At the Blue Marlin Shopping Centre, a couple of blocks before her stop, Giddie bounces up like a rocket. “Hey, this is where I get off. Great seeing you, Beth. Take care of yourself.” He leans down and gives her a kiss on the cheek. He’s blinking furiously and his eyes, clear a few minutes ago, are bloodshot.

“Yeah,” she says. “You too. Take care of yourself, Giddie.” She hangs onto him but he pulls irritably away.

“C’mon, Beth, I’ll miss me stop.”

She watches his jerky progress to the front of the bus, down the steps, out. She presses her nose to the window to wave, but when the bus moves he’s already sprinting across the parking lot, a blur. Unfixed. It isn’t until she gets to her own stop that she realises he’s taken her bag. She remembers now the way he held his left arm, pressed against his denim jacket, as he stumbled down the bus.

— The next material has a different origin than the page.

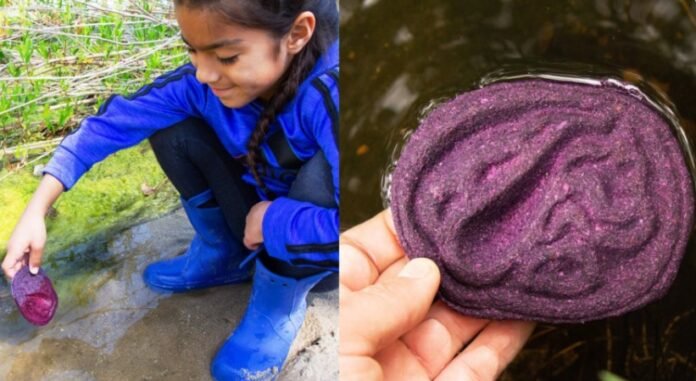 Estudante de Design Industrial Cria Ferramenta Natural para Detectar Contaminantes na Água tecnologia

She can feel the wave coming in. It’s tidal, a king tide. She stares at the tarantula, the sheet stuffed into her mouth. King tide. There’s a watery halo around the tarantula’s legs. Sobs are leaking into the room.

She sits up, panicked. So much of the sheet is balled up in her mouth she’s afraid she will gag. But it’s Sue again, the next bed to hers. Damn, I warned her, Beth thinks, exasperated.

She lifts her mosquito net, slides out, tiptoes to Sue’s bed, lifts the net and leans in. She puts her lips against Sue’s ear. “For God’s sake, stuff the sheet in your mouth,” she whispers savagely. Her own anxiety is acute. Sue has her hands up over her face, the way Beth’s mother used to when her father was drunk. It is always the worst worst thing. “Stop it” she hisses, furious, grabbing Sue’s wrists. “You’re asking for it, damn it.”

Then she realises Sue’s asleep. Sue is flinching and bucking and moaning and crying in her sleep.

Oh God, she thinks. Any second now, someone’s going to wake and hear this shit. Show blood and you’re dead, that’s the rule. Her mind is racing.

Okay, she thinks. Nothing else for it. Swift and efficient, she slides into Sue’s bed, jabs the mosquito net back under the mattress, grabs the girl in her arms, and muffles Sue’s face between her breasts. “It’s all right,” she murmurs. “Shh, it’s okay, it’s okay, everything’s going to be all right.” Sue’s snuffling sobbing breath is warm against her. With her left hand, she strokes Sue’s hair. “Go to sleep now,” she murmurs. “Go to sleep. It’s all right, baby, it’s okay.”

Sue’s body shifts slightly, softening, rearranging itself, moving up against Beth’s like an infant curling into its mother. Her breathing turns quiet. Beth goes on stroking Sue’s hair with one hand, and stuffs the other into her own mouth. At the fleshy place where her thumb joins the palm of her hand, she bites down so hard she tastes blood.